‘Lab grown’ diamonds cost a lot less...
A synthetic diamond is basically a stone that has the durability, refractive index, and hardness of a natural diamond – but it is man-made in a laboratory, using the HPHT (high pressure, high temperature) process.
While natural diamonds are produced by a natural geological process, synthetic diamonds are cultured diamonds grown in a lab by a technological process. A tiny piece of natural diamond is immersed in molten carbon and placed under high pressure and temperatures as high as 2,700 degrees Fahrenheit. The HPHT process recreates the geological environment that occurs naturally deep within the earth’s crust to yield natural diamonds.
A synthetic diamond should not be confused with stimulant diamonds, such as glass, cubic zirconia, or moissanite. A diamond stimulant is a non-diamond material that is created to imitate a true diamond.

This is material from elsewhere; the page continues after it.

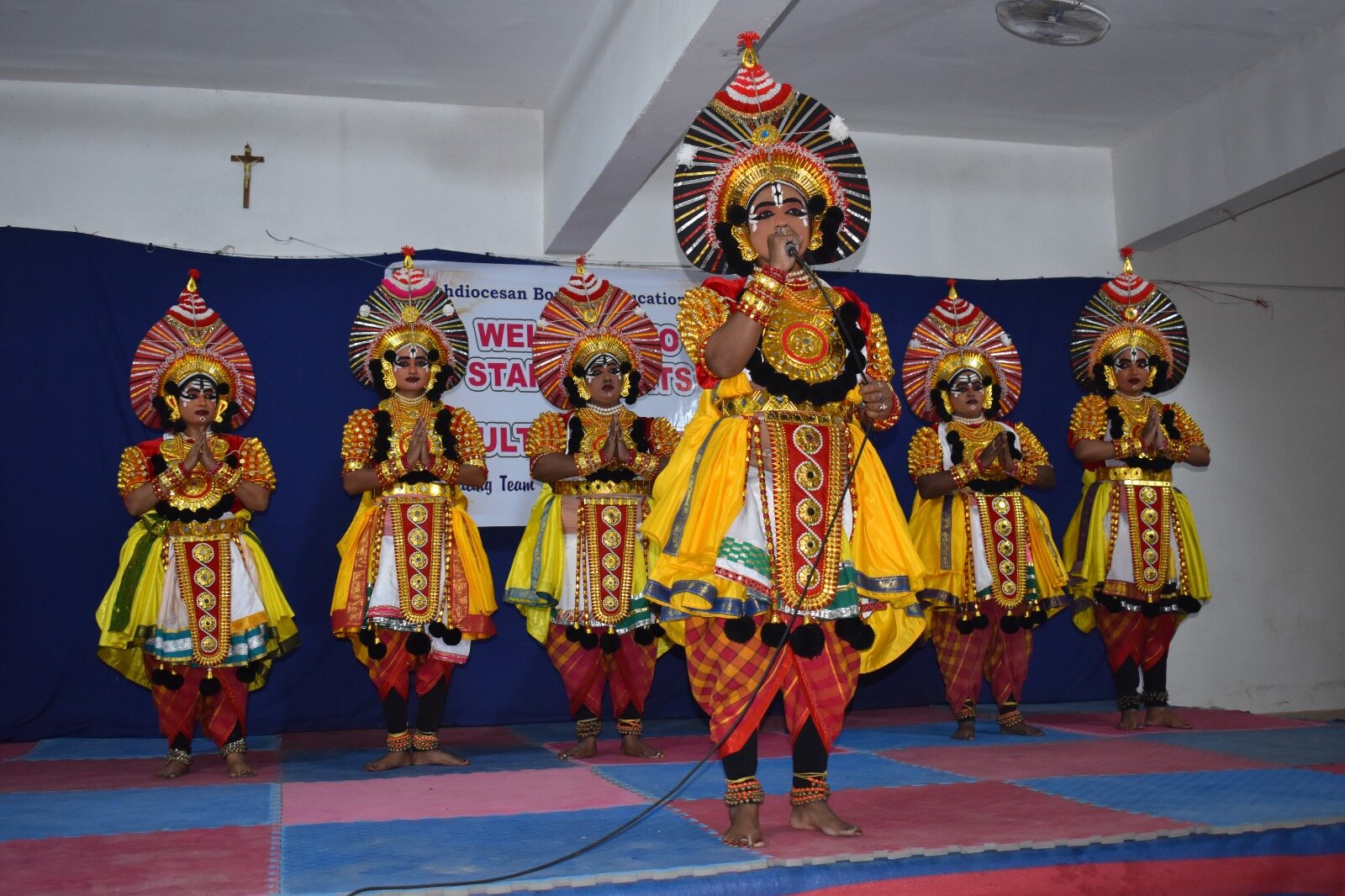 Traditional dance ensemble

The first synthetic diamonds were produced by General Electric, in 1954. Although the technology for synthetic diamonds was in use since then, no synthetic diamonds were ever seen on the market until the 1990s. This was because it took many years for General Electric to produce a synthetic diamond that could compare with the quality of a natural diamond – and when they figured out how to do it, they found that it cost more to produce a synthetic diamond than it did to mine and cut natural diamonds. In fact, it seemed that synthetic diamonds were rarer than natural diamonds!
Finally, a small company, Gemesis Corporation, figured out a way to produce synthetic diamonds that were of the same quality as natural diamonds, at a cheaper price. Today, Gemesis produces synthetic diamonds that are almost perfect natural diamond replicas, but they are not available in a clear, white color. Their colored diamonds are available in yellow, orange, or pink, along with a wide range in beautiful precious-metal settings.
High demand for diamonds has led to the development of methods for producing synthetic diamonds. Even though the majority of natural diamonds are industrial grade, 90% of the diamonds used for industrial purposes are synthetic diamonds.
Newer synthetic diamonds so closely resemble natural diamonds that only an experienced jeweler can tell the difference after a close examination. Given that they cost about 1/3 the price of natural diamonds, synthetic diamonds are expected to carve a market niche of their own in the jewelry industry, though the big payoff is expected to be in industrial technologies.
If you really want that diamond engagement ring or that loose diamond at an affordable price, you should check out synthetic diamonds. Remember though, that a synthetic diamond can never give you the assurance of true and lasting value that you get from a natural diamond, even if you only buy a small natural one.